The Magic's Vanished (Weekend Pattering for March 2nd, 2018)


from The Beatles Story by Angus Allan and Arthur Ranson

Previously on Panel Patter

Cover of the Next Week

Kelley Thompson and Leonardo Romero's Hawkeye series has been a fantastic book.  Kate is just such a fun character.  I think it says something about her that a number of writers have had their take on Kate and most of them have turned out some pretty great stories.  I hope with all of the Fresh Start announcements Marvel's making that next week we'll find out what books these two creators are working on next.

Julian Totino Tedesco's covers have been a huge part of the character of this book, with his painted, southern-California moody covers.  The colors in his artwork just capture the mood of the stories that Thompson and Romero are riffing on.  That hazy yellow sunset is just so resigned to the fate of the characters and, more importantly, the fate of the series.


*** Sarah Horrocks Talks GORO, the Creative Process, and More! (Comicverse)-- I haven't had a chance to read any of Horrocks comics yet but I'm always interested to see what she has to say about the art of comics.
I think a lot of the composition of GORO owes a lot to Fassbinder and then like Italian films from the late 60s and 70s. Pasolini, Fellini, Pietrangeli, Bellochio, Antonioni (Brooke’s apartment is literally the apartment Mirella Ricciardi in L’Eclisse.), etc. Also, I like to look at film for set design stuff. It tends to be more innate than what people use in comics. And I think part of balancing my pages properly is occasionally drawing a good room for characters to move around in.

This and That

*** Diamond adds digital pull list service, revamps Previews and sees DC leave the catalog (The Beat)--  Out of Comics Pro last week, Diamond announced a digital pull list service that comic shops and their customers can use.  I'm actually pretty excited about this as I think it's a good idea for the shops' customers but I wonder how much how much big data is going to be in there that could be used to market and sell directly to the audience.  Not that I think that Diamond is going to do that or that the Direct Market is big enough for there to be that much usable data.

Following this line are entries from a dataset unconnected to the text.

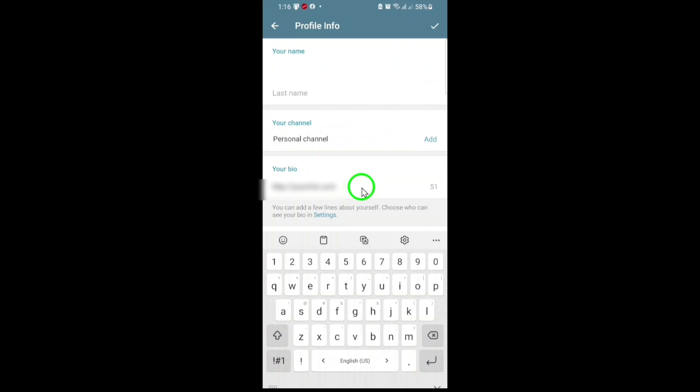Once you've pasted your URL, double-check that there are no extra spaces or typos. A clean, properly formatted link is key for it to work correctly. After you've added your link, tap the Save button or checkmark, depending on your device, to confirm the changes.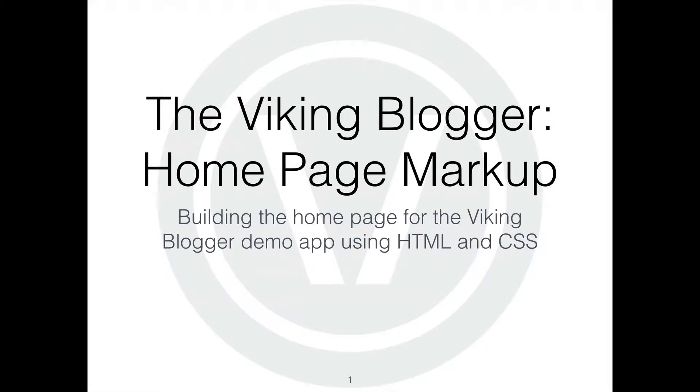Hi, my name is Eric Trautman and I'm an instructor with the Viking Code School. Today we're going to talk about how to turn a mockup into a homepage using HTML and CSS markup.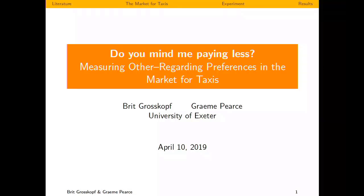This is a kind of field experiment, which is not normally what I've done in the past, but with my wonderful co-author, previous PhD student, now not just co-author but also colleague, Graham Pierce. This is a stream of field experiments that we have been working on, and this is the very first one, which basically looks at other-regarding preferences in what we call a real market.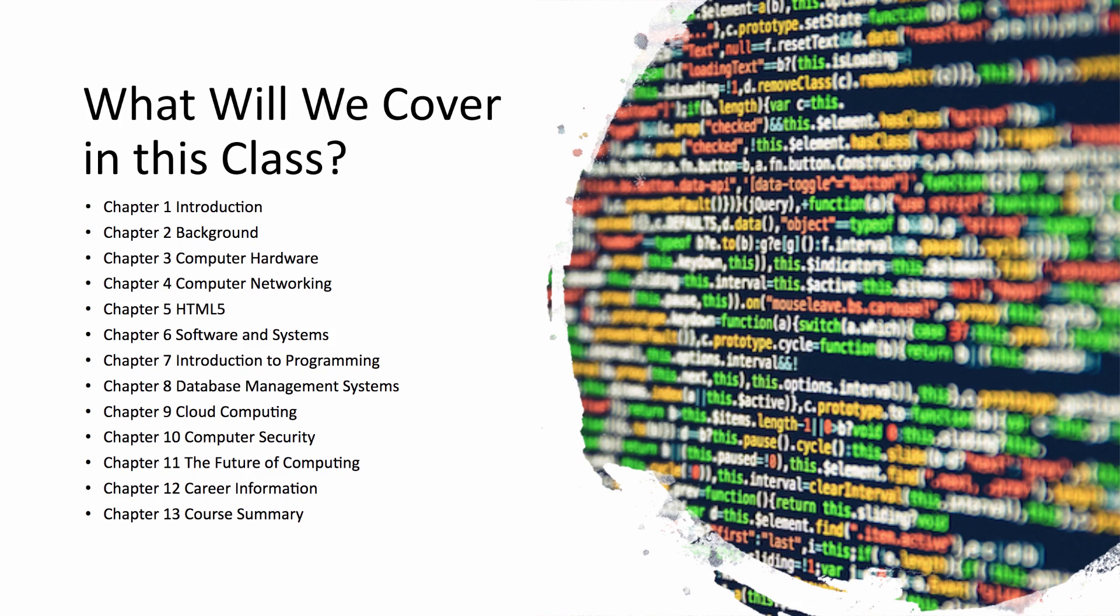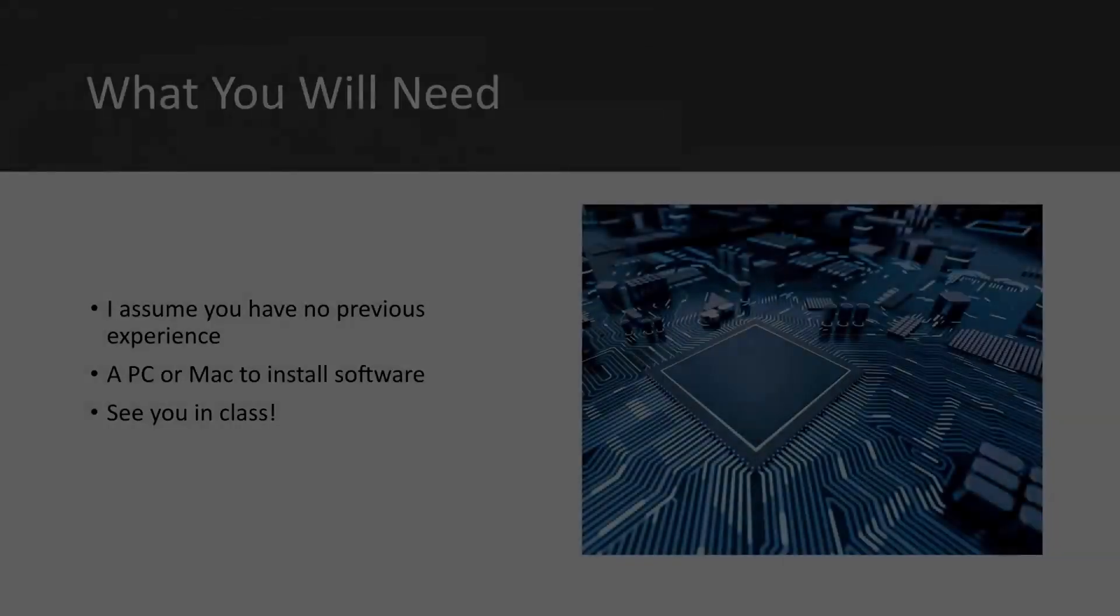Next we'll take a brief look at computer security and some of the major threats that are out there. Following that we'll look at the future of computing and what are some of the new and innovative areas. In the last section I'll present some career information if you are interested in pursuing a career in information technology.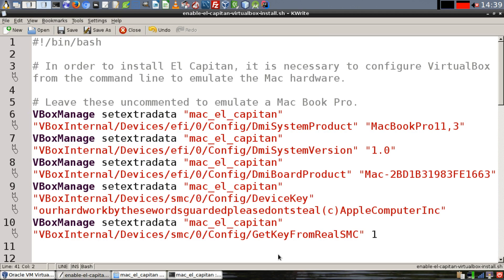Now on your host computer, create a shell script. Because Mac OS X is only designed to be run on certain types of hardware, we have to spoof that type of hardware in VirtualBox. And that's what this shell script is going to do.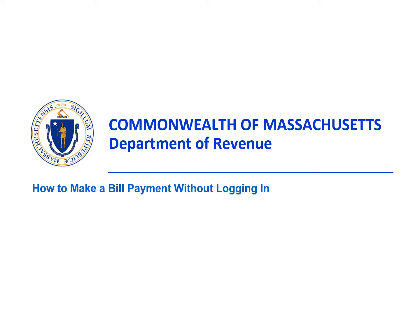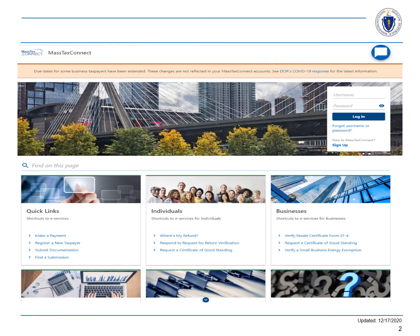This video tutorial will show you how to make a bill payment without logging in to MassTaxConnect. If you have a MassTaxConnect account, log in to make a payment.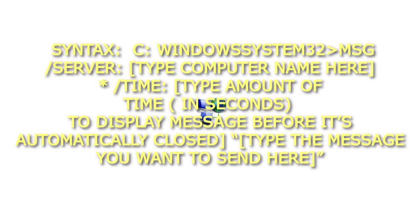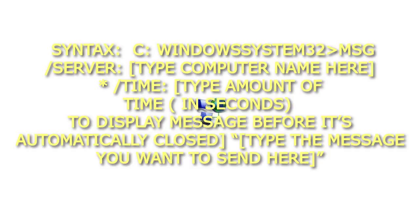Syntax: C: Windows System32 MSG /SERVER: [Type Computer Name here] * /TIME: [Type Amount of Time In Seconds] To display a message before it's automatically closed type the message you want to send here.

Developed from the ground up to help customers place orders with their local comic shop, PULLBOX handles monthly comic subscriptions, preorders for upcoming titles and products, and special orders all from Diamond’s consumer pop-culture website,, while also providing comic shop retailers with the back-end tools necessary to manage their pull-and-hold customer base.

From Justin Ponsor's Blarg blog.

*** Fundraiser Seeks to Aid Marvel Colorist Justin Ponsor’s Cancer Treatment (CBR)-- The prolific Marvel colorist Justin Ponsor is having to have surgery for a brain tumor.  CBR has the details on a GoFundMe campaign to raise funds to help Ponsor get through this surgery, treatment, and recovery.  The fund is currently just over $35,000 on a goal of #$50,000.
The colorist last detailed his cancer treatment on Feb. 18 on his blog, keeping his spirits up with some humor, as he indicated that he will indeed be needing surgery to remove a brain tumor. This surgery will require a metal plate to then be inserted into his head afterwards. “Guess who’s got two thumbs, one kidney and is getting a plate in their head,” he said, referring to his past and current treatment.
Ponsor is blogging about his treatment here.

*** Taniguchi Jirō’s World of Manga (Nippon)--  I want to read a manga called Hunting Dog Detective (above image.)  What do I need to do to get that translated and published over here?  Nippon has a nice but brief overview of Taniguchi Jiro's career.
When manga creator Taniguchi Jirō died in February 2017, the majority of the Japanese media described him as the artist of Kodoku no gurume (The Solitary Gourmet), the series he was best known for in his home nation. In France, however, detailed coverage in Le Monde and other press outlets primarily paid tribute to his solo works Aruku hito (trans. The Walking Man) and Haruka na machi e (trans. A Distant Neighborhood), which won acclaim in the country. Taniguchi may well be more highly regarded in Europe than he is in Japan. He took inspiration from Franco-Belgian comic artists like Mœbius and François Schuiten, and most of his works are available in French. His standing in France is apparent from his being one of just three mangaka to receive the Chevalier of the Ordre des Arts et des Lettres, alongside Akira creator Ōtomo Katsuhiro and Matsumoto Leiji of Ginga tetsudō 999 (Galaxy Express 999) fame.
*** February 2018’s Harpy Agenda recipient is Priya Huq, writing at Women Write About Comics (Harpy Agenda)-- I hadn't heard of this microgrant before but I think it's a great idea.  Congrats to Riya Huq for being the most recent recipient of it.
Second, we are awarding February 2018’s microgrant to Priya Huq, for her article “CB CEBULSKI’S ASIAN MASK: WHY THE ANGER?” published on Women Write About Comics. It was a deep analysis of the issues surrounding the Marvel Editor in Chief’s masquerade as a Japanese writer in 2004, addressing the systemic bias against acknowledging marginalization in the comics industry, and providing a platform for several other PoC voices on the issue.